Pancreas Treatments

Distal Pancreatectomy

Pancreatectomy is removal of the entire pancreas. However, if a tumor is located in the body or the tail of the pancreas, then these portions can be removed, leaving the head of the pancreas intact. This is called a distal pancreatectomy. After the body and tail are removed, the opening left on the head is closed with sutures to prevent the leakage of pancreatic enzymes. There are a number of ways this procedure is performed at Emory, depending on the patient’s particular circumstances and presentation:

•    Open distal pancreatectomy is performed using traditional open surgical techniques. In this procedure, the spleen is generally also removed because the two organs are connected by the splenic artery and its branches, making it difficult to separate them.

•    Laparoscopic distal pancreatectomy uses a number of smaller incisions to insert tiny instruments and cameras to perform the operation. This method may be suitable for islet cell and cystic tumors occurring in the body or tail of the pancreas, as well as some pseudocysts and certain cases of pancreatitis. The hospital stay and recovery time for a laparoscopic distal pancreatectomy are considerably shorter than those for the open procedure. Groundbreaking research of this procedure was performed at Emory.

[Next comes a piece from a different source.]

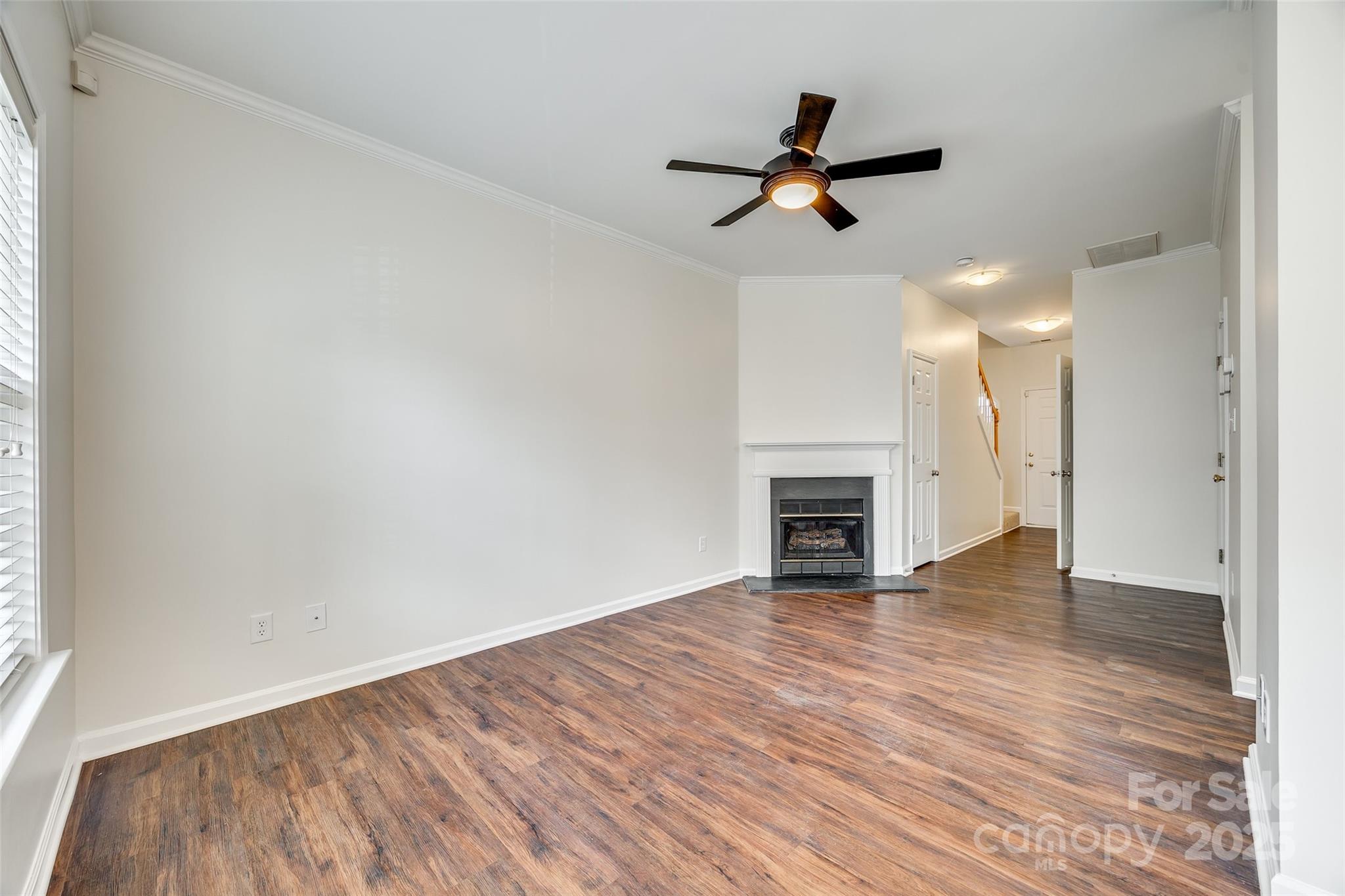 2035 Lennox Square Road Charlotte, NC 28210 - Photo 6 of 29 wooden floor in an empty room with a fireplace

•    Robotic distal pancreatectomy is similar to the laparoscopic approach, except that the instruments are not directly controlled by the surgeon, but instead by a special machine that the surgeon controls. The robotic method provides a level of dexterity not possible with traditional laparoscopic instruments and may increase the chances of saving the patient’s spleen.

•    In a spleen-preserving distal pancreatectomy, only the pancreas is removed, leaving the spleen intact. This procedure may be appropriate for islet cell and cystic tumors when the location of the tumor is such that the splenic artery can be spared. A robotic approach may be best for this procedure.